** EXERCISE DESCRIPTION **
Your reply must hold the lines from the one containing "Handbook of Thermal Analysis and Calorimetry" to the end of the entries, copied exactly, with pictures excluded.

[Entries taken from a collection]

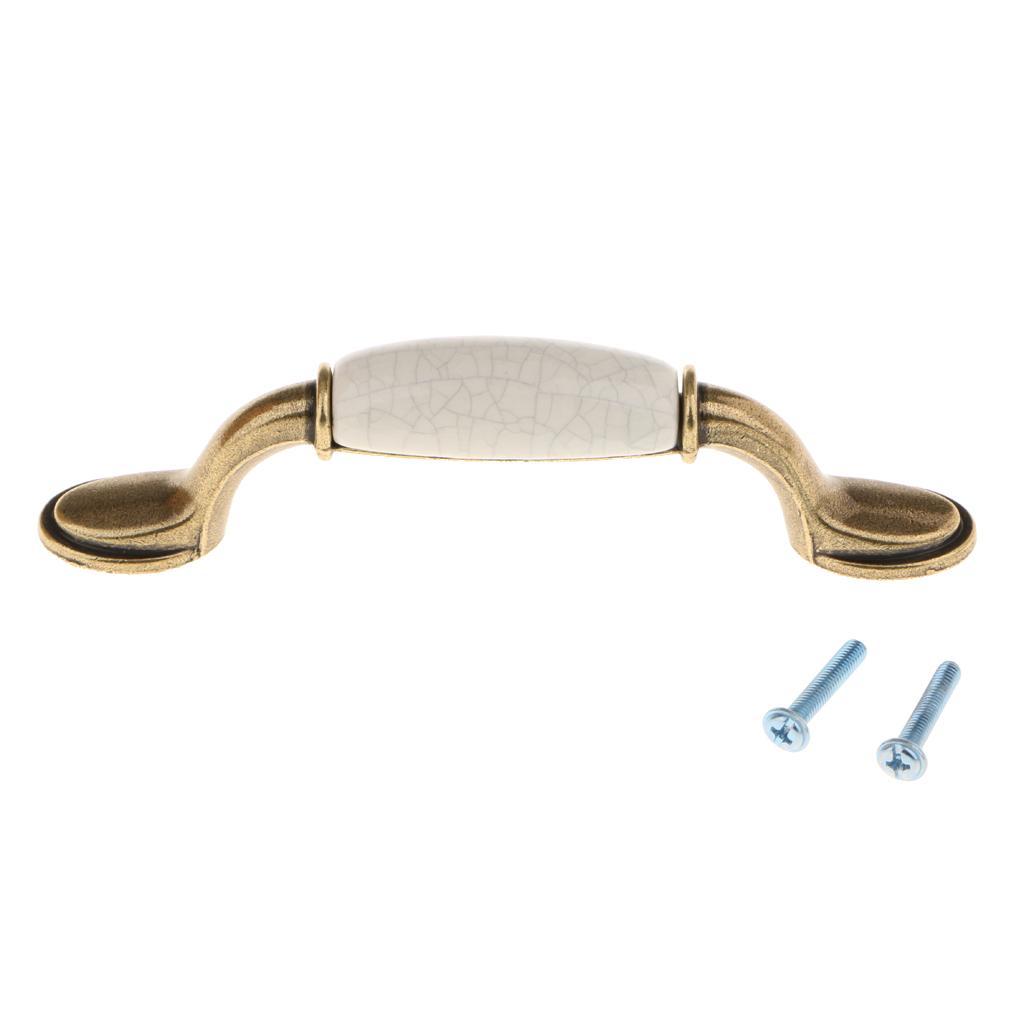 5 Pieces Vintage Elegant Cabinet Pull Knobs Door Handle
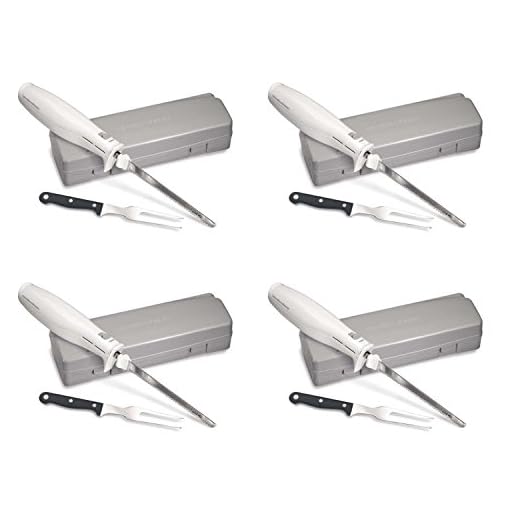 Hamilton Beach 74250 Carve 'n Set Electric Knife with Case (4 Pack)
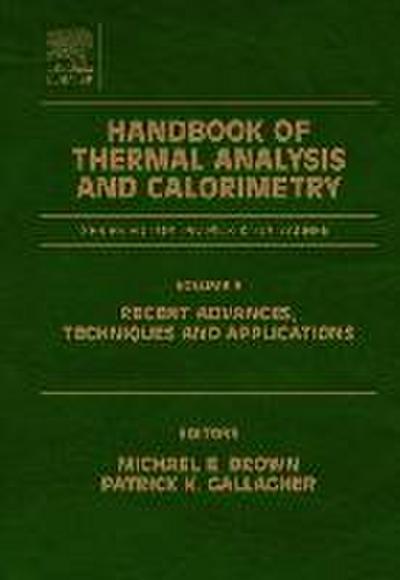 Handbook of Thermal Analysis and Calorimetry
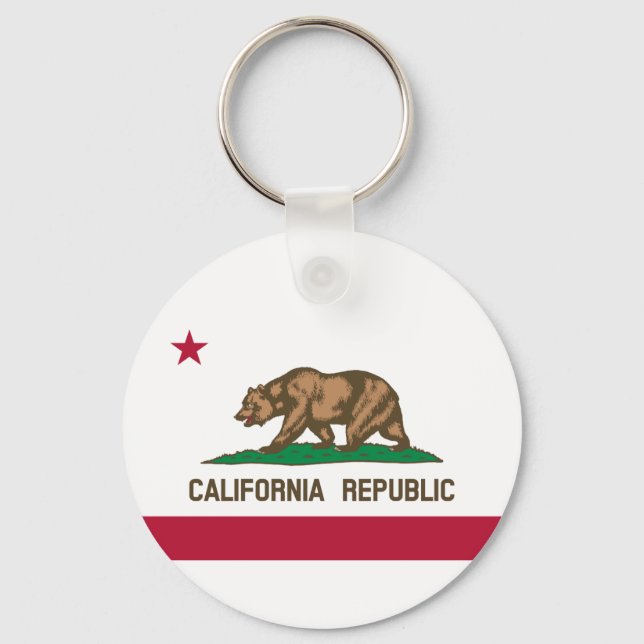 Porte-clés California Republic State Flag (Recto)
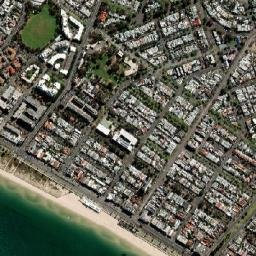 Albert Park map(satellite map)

** OUTPUT OF THE EXERCISE **
 Handbook of Thermal Analysis and Calorimetry
 Porte-clés California Republic State Flag (Recto)
 Albert Park map(satellite map)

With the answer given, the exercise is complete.